On day one of the news outlet’s flagship event, discussions among a panel of high-profile CEOs have turned towards sustainability. Specifically, the green transition has been brought into focus amid skyrocketing energy prices.
ASX-listed CBA wants to fuel the transition
Firstly, shares in CBA are trading at the highest price-to-earnings (P/E) ratio premium out of the big four banks. Currently, the largest bank in Australia commands a P/E of 17.8 times.
Meanwhile, the other three major banks are fetching a multiple between 12 to 16 times. Given this, it might not come as a surprise that CBA’s CEO Matt Comyn is on the lookout for future growth drivers.
At the summit, Comyn has pointed out the ‘green transition’ as one such opportunity for the bank. Outlining the role Comyn sees CBA playing, the executive said:
We see increasing demand for sustainability-linked loans. We would love to be able to work with other large corporations… it’s not just about the carbon impact, but also what are the socio-economic impacts. How do we look at what is the most important transition… and then of course, we see a lot of opportunity around carbon credits.
In recent months, ASX-listed CBA has announced several ‘green’ loans and finance solutions. One example of this is the bank’s $50 million green repurchase agreement with Northern Trust. The funds can be put towards backing wind farms, solar farms, etc.

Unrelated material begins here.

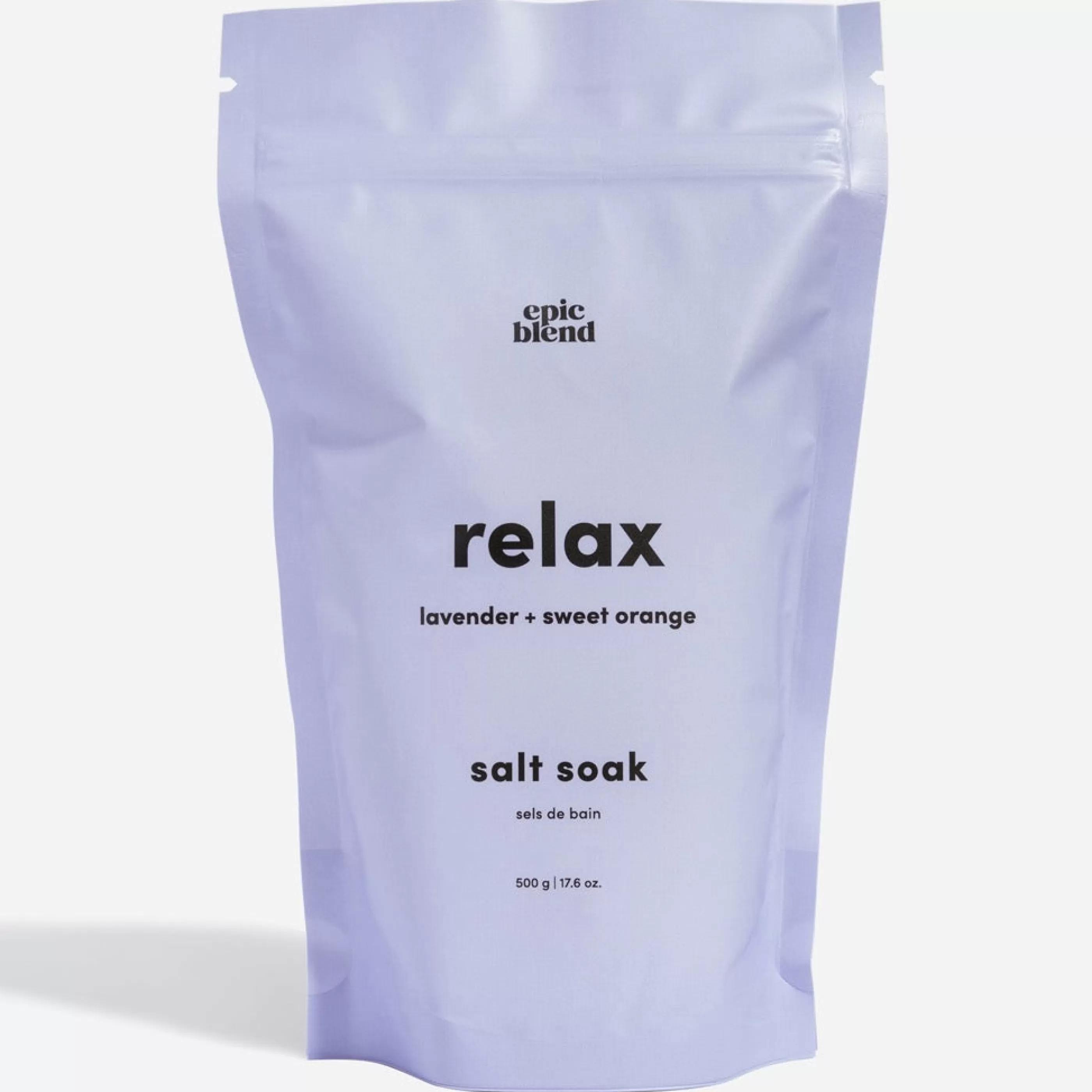 Epic Blend Bath & Shower>Relax Bath Salt Soak 500G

Commonwealth Bank share price snapshot
The past year has been a relatively rewarding one for CBA shareholders. While the S&P/ASX 200 Index (ASX: XJO) has returned a little more than 4% during the 12-month timespan, the major bank has done better.
To be precise, CBA has returned 11.1% on the ASX over the past year.
Additionally, the solid performance makes it the best performing bank out of the big four.